災害派遣の3要件は、自衛隊を派遣するか否かの判断で使います。

派遣された自衛隊の部隊や個々の自衛官が作業する際にいちいち参照するものではありません。

たとえば「自衛隊員が派遣先で弁当を運ばされて…」という話。

派遣要請時には本来業務を伝えるだけで、この際に「弁当を運ばせるために人員ください」なんて言うわけがない。

実際に派遣された後に、現場の流動的な状況から、自衛官が本来やるべきか疑問な作業をやらされてる疑惑がここでの問題提起のはず。

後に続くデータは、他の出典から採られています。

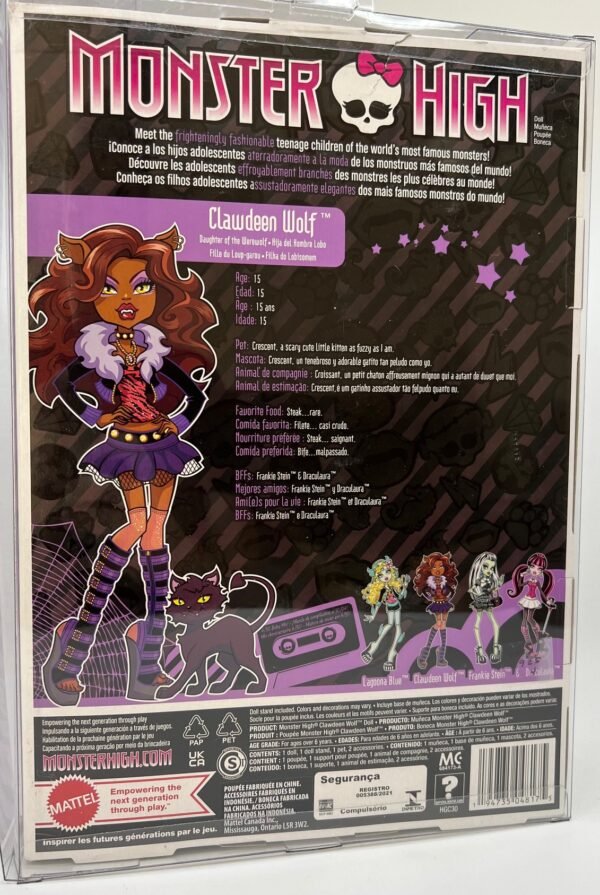 MATTEL MONSTER HIGH CREEPRODUCTION CLAWDEEN WOLF 2024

もっとも、「3要件は派遣後の作業の中身に全く関係ない」かというと違うかもしれません。「自衛隊でなければできない事を中心にやるという素朴な意味での作業の取捨選択がある。その判断にあたって派遣された趣旨に立ち返る場合は3要件を参照するかもしれない。

しかし、ダイレクトには「その自治体に派遣された趣旨」との関係を考えるはずです。たとえば今回はICU勤務経験のある看護士が派遣されましたが、一般病棟には人員を割かないというような決まりがあるかもしれない。

ただ、現場の流動的な状況からは請われて或いは自発的に柔軟に対応できるべきでしょう。

自衛官が本来の派遣の趣旨から外れた作業をする可能性と妥当性

現場のレベルでは

1:自衛隊(官)でなくとも出来るが自治体のみだと負荷がかかり過ぎるもの
2:自衛隊でなくとも出来るが自治体のみだとマンパワーが足りない
3:自衛隊でなくとも出来るが(派遣期間内の)一時的に自治体側が作業できないものが⇒派遣時には予想外の作業

こういう性質のものがあり得るのですが、たとえば

派遣の趣旨である作業を進めたが今日はそれ以上進められず明日以降再開することとなった。が、今日はまだ4時間しか稼働しておらず、部隊が現地に留まるだけという無駄な時間が発生している」みたいな状況。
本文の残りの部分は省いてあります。